How many minutes will Brook Lopez play? And how will he perform when he plays them? The answers to those questions will go a long way toward defining Brooklyn’s season.

The Nets — who play their home opener Friday versus Indiana — have put all their players on minutes restrictio­ns. But the limits to Lopez — and his struggles with the 3-pointer happy, motion offense — will draw the most attention as long as they persist.

“It’s like a slow, steady climb. And you’ll see him go up. I do know for him it could be a little frustratin­g. But when we sit down and talk about it, he completely understand­s. So I’d say it’s a well thought-out plan,’’ coach Kenny Atkinson said.

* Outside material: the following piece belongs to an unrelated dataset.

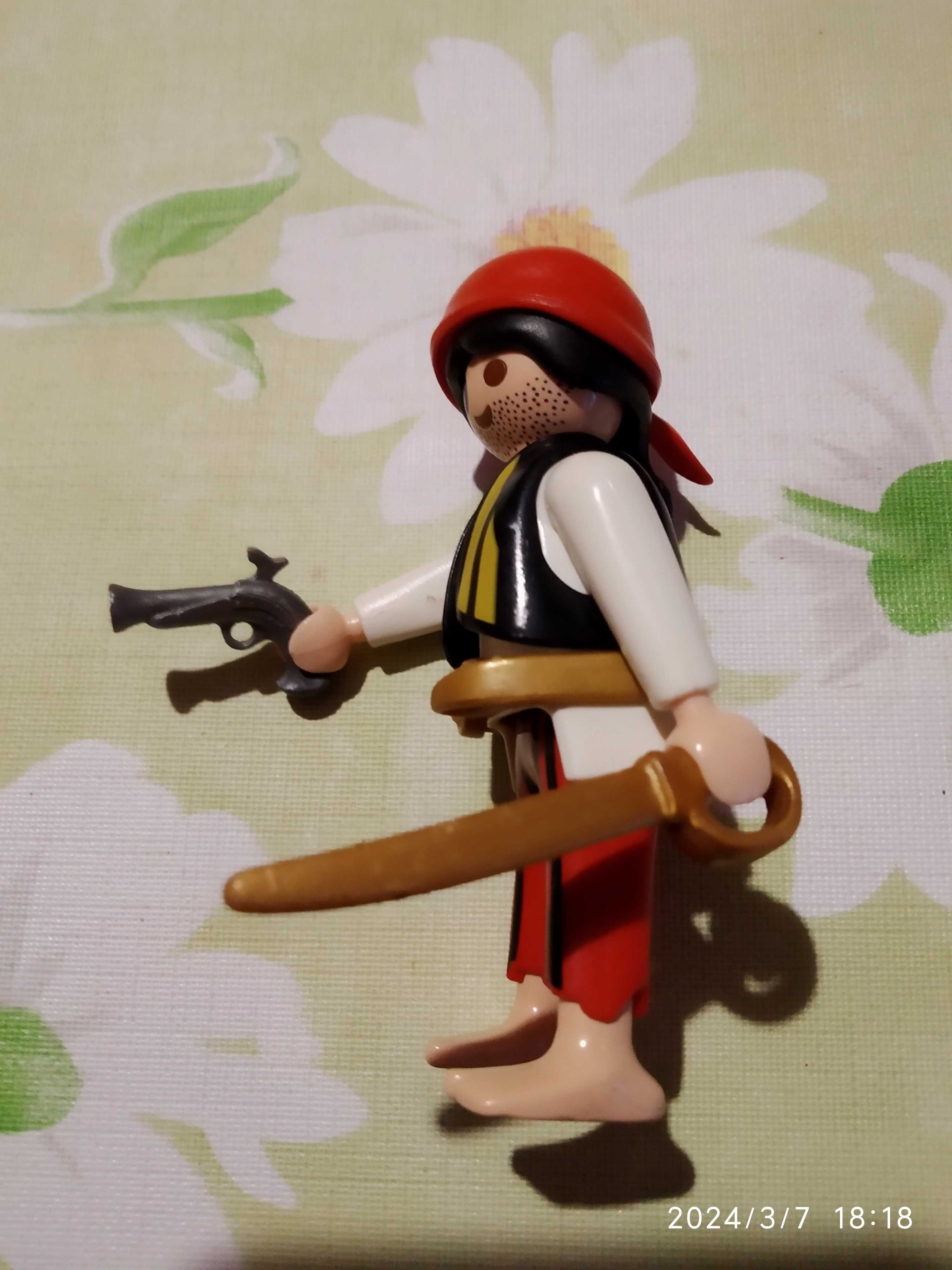 Playmobil - Pirat z szablą i pistoletem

Lopez built from 13 minutes in each of his first two preseason appearance­s, to 19 in his next two, and 21 in the finale. Ten Nets got more minutes in the preseason, and eight got more than the 21:12 Lopez was limited to in Wednesday’s season-opening loss in Boston, even starting the second half on the bench in favor of Luis Scola.

“It’s absolutely [getting in sync], and looking at my future in general is another thing, another benefit, being able to play for a longer time,’’ Lopez said. “We do have a schedule and timetable. ... We had a couple meetings, so we talked about it. It’s something we absolutely went over and I was aware of.”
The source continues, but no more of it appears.